4 A probabilistic model of question generation

Here we describe the components of our probabilistic model of question generation. Section 4.1 describes two key elements of our approach, compositionality and computability, as reflected in the choice to model questions as programs. Section 4.2 describes a grammar that defines the space of allowable questions/programs. Section 4.3 specifies a probabilistic generative model for sampling context-sensitive, relevant programs from this space. The remaining sections cover optimization, the program features, and alternative models (Sections 4.4-4.6).

4.1 Compositionality and computability

The analysis of the data set [19] revealed that many of the questions in the data set share similar concepts organized in different ways. For example, the concept of ship size appeared in various ways across questions:

? "How long is the blue ship?" ? "Does the blue ship have 3 tiles?" ? "Are there any ships with 4 tiles?" ? "Is the blue ship less then 4 blocks?" ? "Are all 3 ships the same size?" ? "Does the red ship have more blocks than the blue ship?"

As a result, the first key element of modeling question generation was to recognize the compositionality of these questions. In other words, there are conceptual building blocks (predicates like size(x) and plus(x,y)) that can be put together to create the meaning of other questions (plus(size(Red), size(Purple))). Combining meaningful parts to give meaning to larger expressions is a prominent approach in linguistics [10], and compositionality more generally has been an influential idea in cognitive science [4, 15, 14].

The second key element is the computability of questions. We propose that human questions are like programs that when executed on the state of a world output an answer. For example, a program that when executed looks up the number of blue tiles on a hypothesized or imagined Battleship game board and returns said number corresponds to the question "How long is the blue ship?". In this way, programs can be used to evaluate the potential for useful information from a question by executing the program over a set of possible or likely worlds and preferring questions that are informative for identifying the true world state. This approach to modeling questions is closely

2Although each of the 40 players asked a question for each context, a small number of questions were excluded from the data set for being ambiguous or extremely difficult to address computationally [see 19].

3

related to formalizing question meaning as a partition over possible worlds [6], a notion used in previous studies in linguistics [18] and psychology [9]. Machine systems for question answering have also fruitfully modeled questions as programs [24, 12], and computational work in cognitive science has modeled various kinds of concepts as programs [17, 5, 13]. An important contribution of our work here is that it tackles question asking and provides a method for generating meaningful questions/programs from scratch.

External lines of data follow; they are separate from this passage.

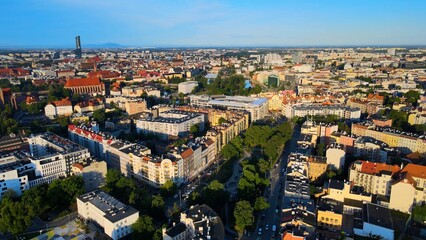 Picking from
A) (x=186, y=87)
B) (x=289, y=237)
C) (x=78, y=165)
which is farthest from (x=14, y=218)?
(x=186, y=87)

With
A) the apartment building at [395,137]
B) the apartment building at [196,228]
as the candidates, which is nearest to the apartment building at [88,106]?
the apartment building at [196,228]

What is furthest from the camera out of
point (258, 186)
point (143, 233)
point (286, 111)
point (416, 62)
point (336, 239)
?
point (416, 62)

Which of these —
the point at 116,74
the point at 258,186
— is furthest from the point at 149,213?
the point at 116,74

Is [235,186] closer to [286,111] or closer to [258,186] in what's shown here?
[258,186]

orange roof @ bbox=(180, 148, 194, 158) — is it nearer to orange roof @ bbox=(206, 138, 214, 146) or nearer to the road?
orange roof @ bbox=(206, 138, 214, 146)

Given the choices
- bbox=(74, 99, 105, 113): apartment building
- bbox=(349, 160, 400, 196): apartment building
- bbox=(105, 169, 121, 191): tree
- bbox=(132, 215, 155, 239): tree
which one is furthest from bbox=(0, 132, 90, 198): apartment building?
bbox=(349, 160, 400, 196): apartment building

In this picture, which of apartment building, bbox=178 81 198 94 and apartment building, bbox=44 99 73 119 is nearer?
apartment building, bbox=44 99 73 119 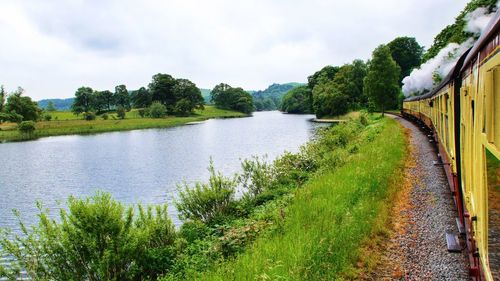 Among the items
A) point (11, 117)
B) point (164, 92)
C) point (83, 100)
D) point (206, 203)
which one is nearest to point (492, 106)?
point (206, 203)

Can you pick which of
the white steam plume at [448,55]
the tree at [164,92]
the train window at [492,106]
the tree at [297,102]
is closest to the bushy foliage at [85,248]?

4.2 A grammar for producing questions

To capture both compositionality and computability, we represent questions in a simple programming language, based on lambda calculus and LISP. Every unit of computation in that language is surrounded by parentheses, with the first element being a function and all following elements being arguments to that function (i.e., using prefix notation). For instance, the question "How long is the blue ship?" would be represented by the small program (size Blue). More examples will be discussed below. With this step we abstracted the question representation from the exact choice of words while maintaining its meaning. As such the questions can be thought of as being represented in a "language of thought" [3].

Programs in this language can be combined as in the example (> (size Red) (size Blue)), asking whether the red ship is larger than the blue ship. To compute an answer, first the inner parentheses are evaluated, each returning a number corresponding to the number of red or blue tiles on the game board, respectively. Then these numbers are used as arguments to the > function, which returns either True or False.

A final property of interest is the generativity of questions, that is, the ability to construct novel expressions that are useful in a given context. To have a system that can generate expressions in this language we designed a grammar that is context-free with a few exceptions, inspired by [17]. The grammar consists of a set of rewrite rules, which are recursively applied to grow expressions. An expression that cannot be further grown (because no rewrite rules are applicable) is guaranteed to be an interpretable program in our language.

To create a question, our grammar begins with an expression that contains the start symbol A and then rewrites the symbols in the expression by applying appropriate grammatical rules until no symbol can be rewritten. For example, by applying the rules A N, N (size S), and S Red, we arrive at the expression (size Red). Table SI-1 (supplementary materials) shows the core rewrite rules of the grammar. This set of rules is sufficient to represent all 605 questions in the human data set.

To enrich the expressiveness and conciseness of our language we added lambda expressions, mapping, and set operators (Table SI-2, supplementary material). Their use can be seen in the question "Are all ships the same size?", which can be conveniently represented by (= (map ( x (size x)) (set Blue Red Purple))). During evaluation, map sequentially assigns each element from the set to x in the -part and ultimately returns a vector of the three ship sizes. The three ship sizes are then compared by the = function. Of course, the same question could also be represented as (= (= (size Blue) (size Red)) (size Purple)).

4.3 Probabilistic generative model

An artificial agent using our grammar is able to express a wide range of questions. To decide which question to ask, the agent needs a measure of question usefulness. This is because not all syntactically well-formed programs are informative or useful. For instance, the program (> (size Blue) (size Blue)) representing the question "Is the blue ship larger than itself?" is syntactically coherent. However, it is not a useful question to ask (and is unlikely to be asked by a human) because the answer will always be False ("no"), no matter the true size of the blue ship.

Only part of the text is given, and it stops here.